2
votes

I am using apache nifi to store logs in kafka.

I have some lines of log, that depending on the content I have to send them to a topic kafka or other. The problem I have is that there are many topics and therefore I would have to use many processors.

I have thought that using 'executescript', I could, according to the conditions I have in the logs text, generate a dynamic attribute that I can use in the 'topic name' property of the publishkafka processor.

I started with the code to read the content of the flowfile, as well as to write some of the conditions, but I don't know how to generate the attribute.

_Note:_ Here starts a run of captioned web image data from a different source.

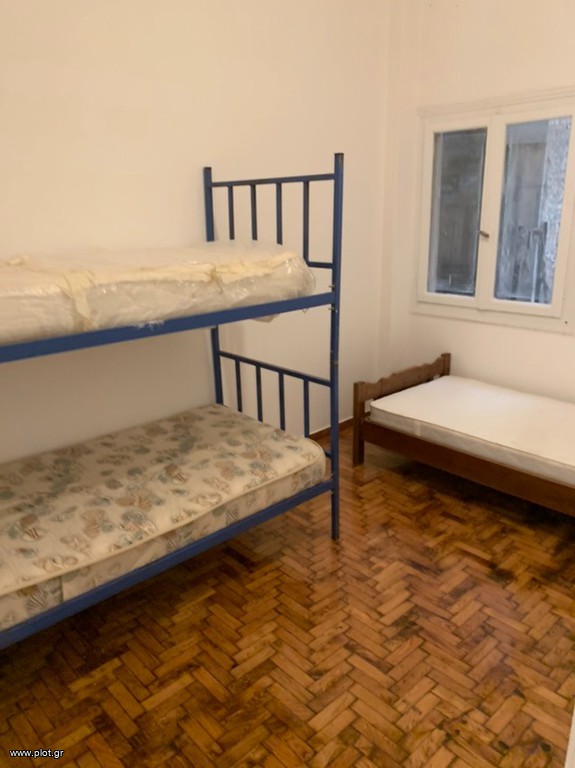 Διαμέρισμα 50 τ.μ. πρός πώληση, Αθήνα - Κέντρο, Λεωφ. Πατησίων - Λεωφ. Αχαρνών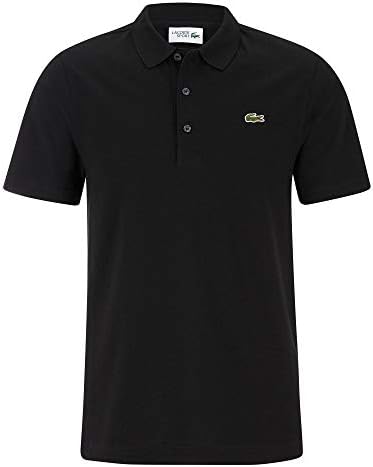 Vue 2 de Polo Homme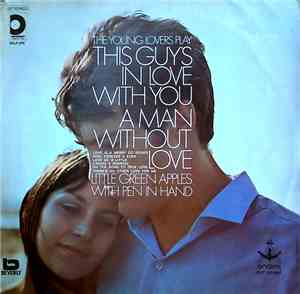 The Young Lovers - Play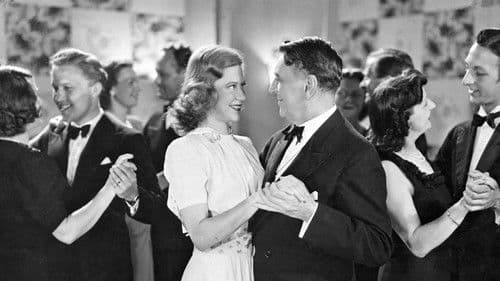 Det ender med bryllup Bild 1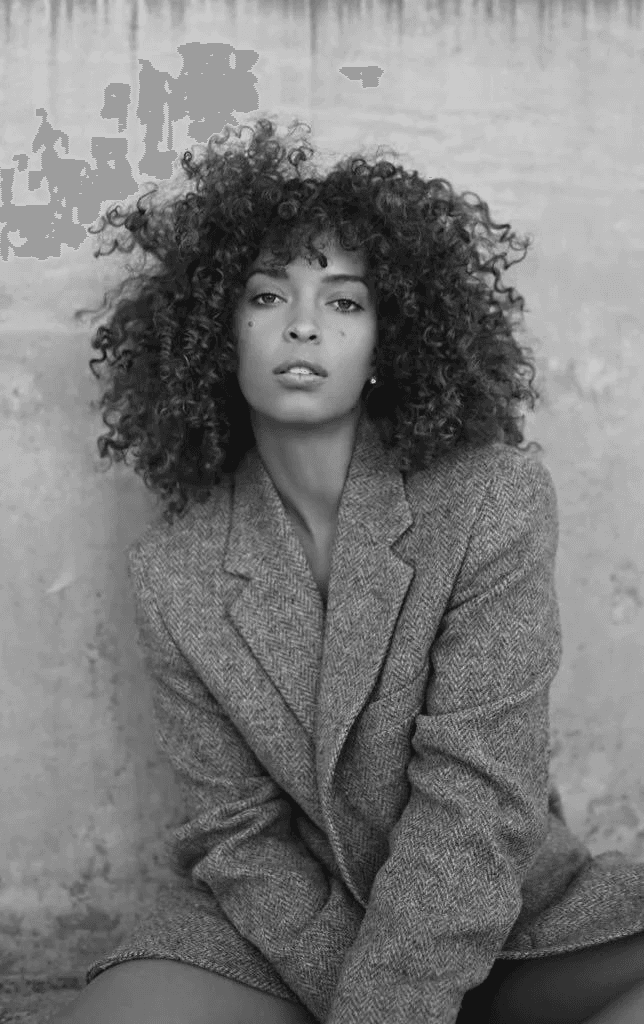 Monique Lindsey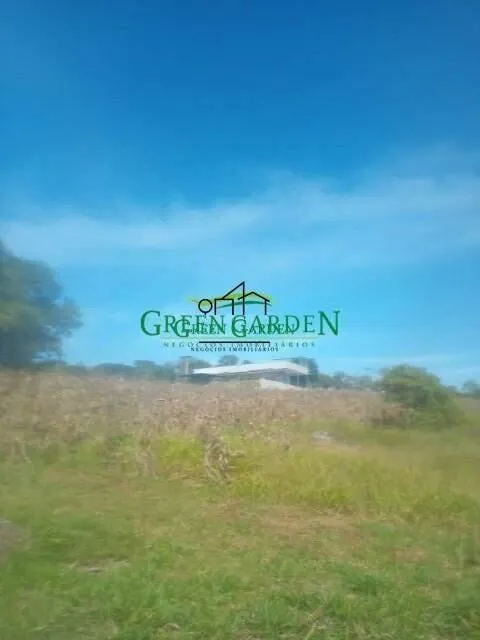 Small farm for sale of 10 acres in Cabreúva, SP, Brazil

Some examples of the log lines: Jim,18,M,156,Oregon,USA,etc John,55,M,170,Idaho,USA,etc

Here's what I have so far:

from org.apache.commons.io import IOUtils
from java.nio.charset import StandardCharsets
from org.apache.nifi.processor.io import StreamCallback

class PyStreamCallback(StreamCallback):
    def __init__(self):
         pass
    def process(self, inputStream, outputStream):
         Log = IOUtils.toString(inputStream, StandardCharsets.UTF_8)
         TextLog = str(Log).split(',')
         name = TextLog[0]
         age = TextLog[1]
         sex = TextLog[2]

         if name == 'John' and age == '30':
             Topic_A = str(TextLog) 
             outputStream.write(bytearray((Topic_A).encode('utf-8')))
         elif name == 'Max' and age == '25':
             Topic_B = str(TextLog)
             outputStream.write(bytearray((Topic_B).encode('utf-8')))
         elif name == 'Smith' and age == '10' or '20':
             Topic_C = str(TextLog)
             outputStream.write(bytearray((Topic_C).encode('utf-8')))

The goal is to have a single executescript processor and a single kafka processor. Please, someone can help me.

1

1 Answers

5
votes

The short answer is:

flowFile = session.putAttribute(flowFile, 'my-property', 'my-value')

https://funnifi.blogspot.com/2016/02/executescript-processor-hello-world.html

A typical way this would be done without writing any custom code, is to use RouteOnContent...

You can add a user-defined properties where the name will become a relationship and the value is a regular expression.

For example, adding two properties:

john = John,30,.*
max = Max,25,.*

From there you would send each relationship to an UpdateAttribute processor where you set the topic name, so john would go to an UpdateAttribute that set topic = Topic_A and max would go to an UpdateAttribute that set topic = Topic_B.

Then they would all connect to a single PublishKafka where the topic was set to ${topic}.